▶ [Aim of the exercise]
When copying the entries below, leave out every picture and keep the rest exact.

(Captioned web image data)
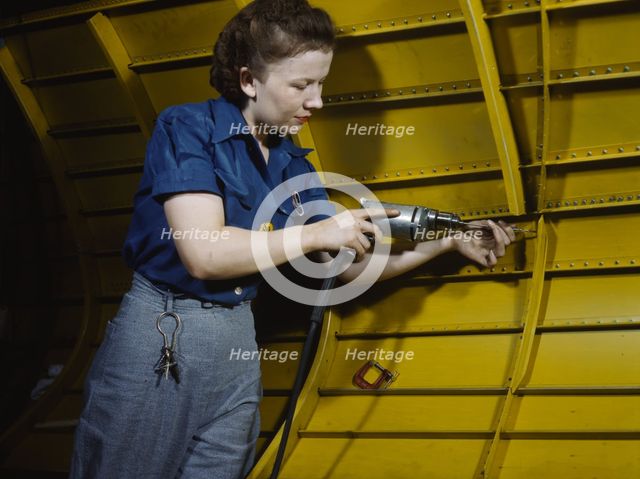 Operating a hand drill at Vultee-Nashville, woman is working on a "Vengeance" dive..., Tenn., 1943. Creator: Alfred T Palmer.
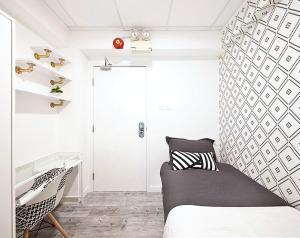 a bedroom with a bed and a chair at Pillows CoLiving in Hong Kong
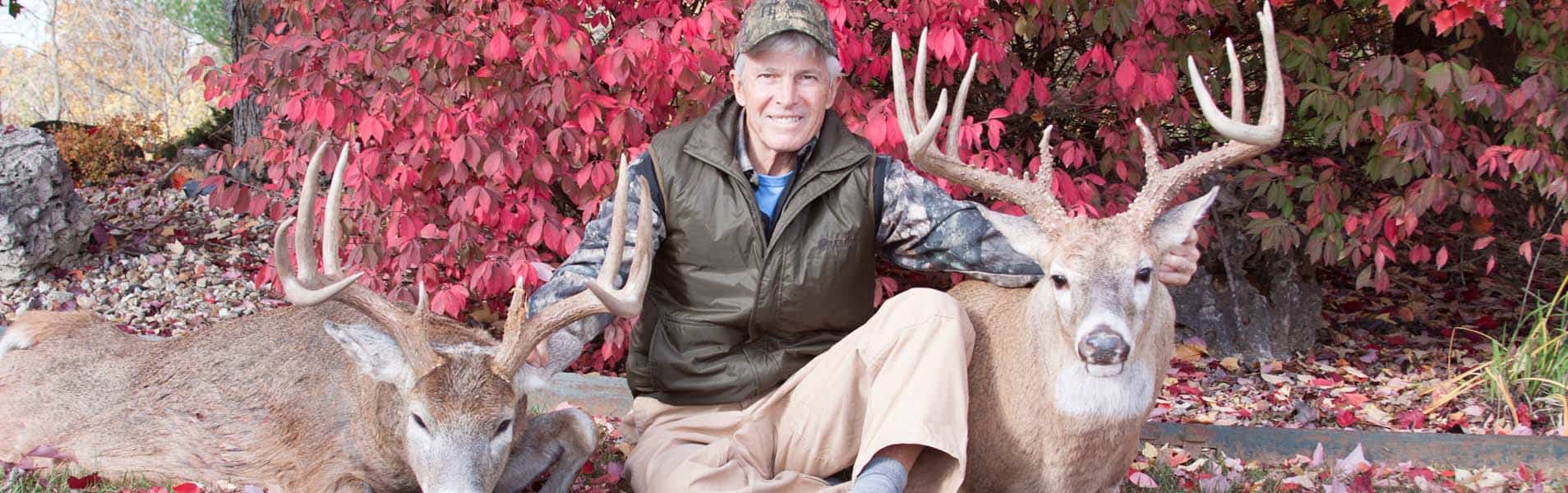 Deer Hunter Kneeling with Two Bucks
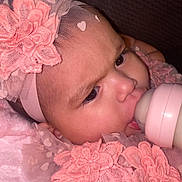 Avia is registered to the contest to win money with this photo: baby, bottle, feeding, headband, pink, lace, flower, closeup, infant, cute, child, face, portrait, soft, fabric, young, skin, eyes, mouth, clothing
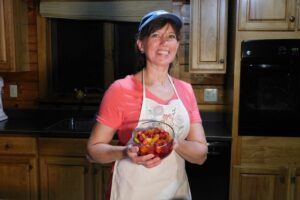 Bren in the homestead kitchen showing how to make a fast fruit salad.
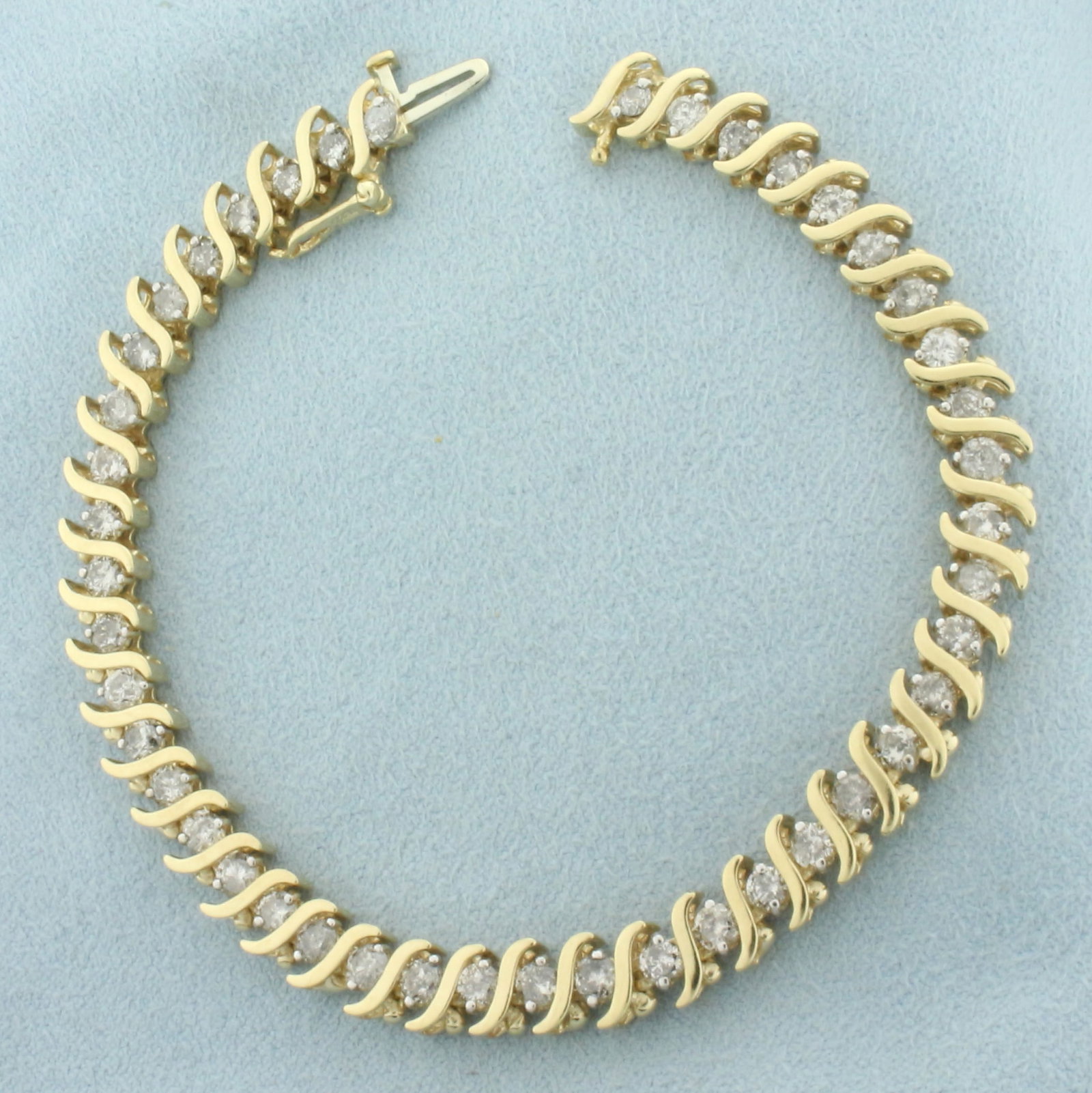 4ct Diamond Tennis Bracelet in 10k Yellow Gold: In 10k yellow gold. Contains 44 high quality diamonds, 4ct TW, I color/I clarity. 7 inches long and 1/4 inches wide. Concealed slide clasp with safety latch. 13.2g.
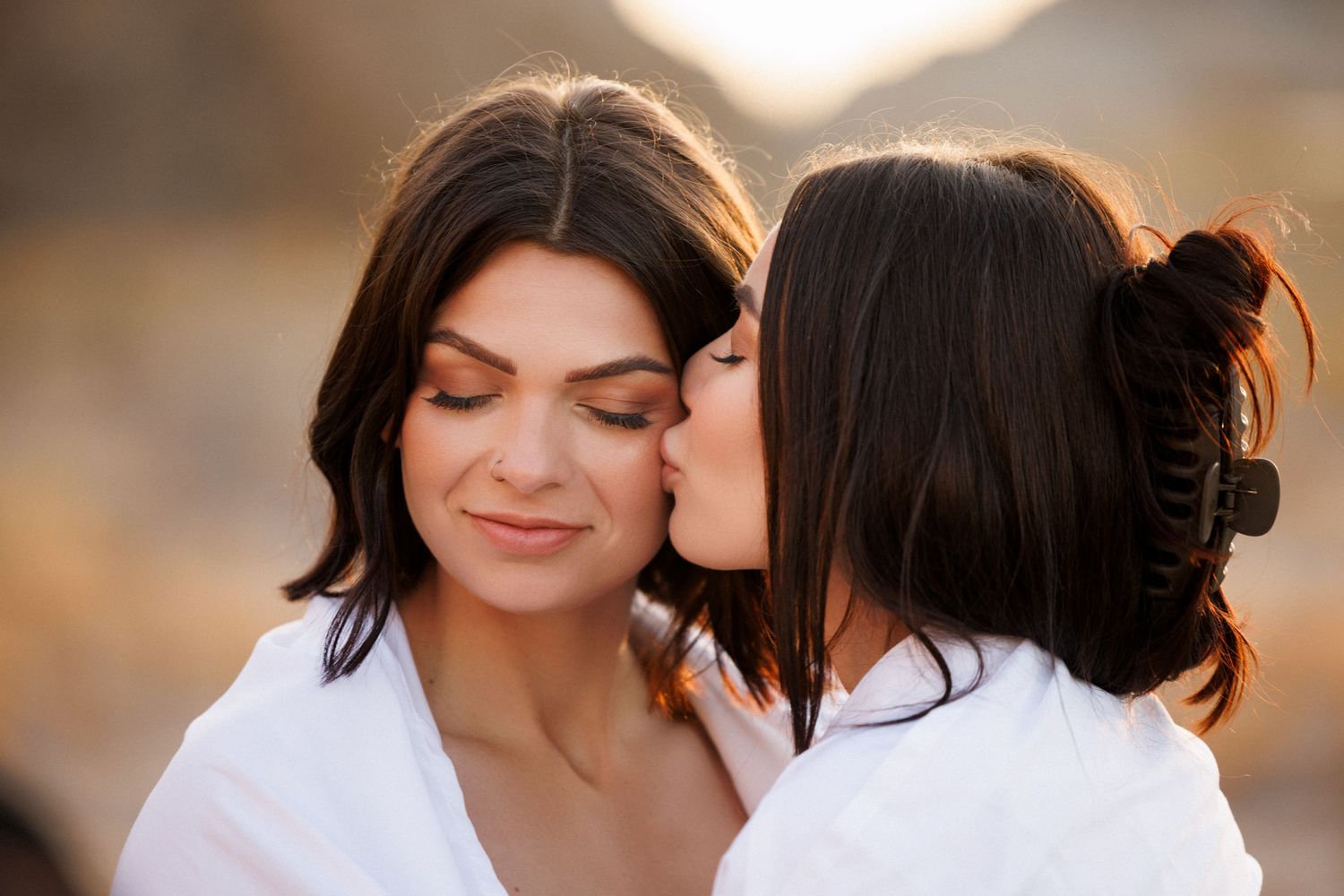 Intimate portrait of couple sharing affectionate moment in warm sunlight.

▶ [Answer to this exercise]
 Operating a hand drill at Vultee-Nashville, woman is working on a "Vengeance" dive..., Tenn., 1943. Creator: Alfred T Palmer.
 a bedroom with a bed and a chair at Pillows CoLiving in Hong Kong
 Deer Hunter Kneeling with Two Bucks
 Avia is registered to the contest to win money with this photo: baby, bottle, feeding, headband, pink, lace, flower, closeup, infant, cute, child, face, portrait, soft, fabric, young, skin, eyes, mouth, clothing
 Bren in the homestead kitchen showing how to make a fast fruit salad.
 4ct Diamond Tennis Bracelet in 10k Yellow Gold: In 10k yellow gold. Contains 44 high quality diamonds, 4ct TW, I color/I clarity. 7 inches long and 1/4 inches wide. Concealed slide clasp with safety latch. 13.2g.
 Intimate portrait of couple sharing affectionate moment in warm sunlight.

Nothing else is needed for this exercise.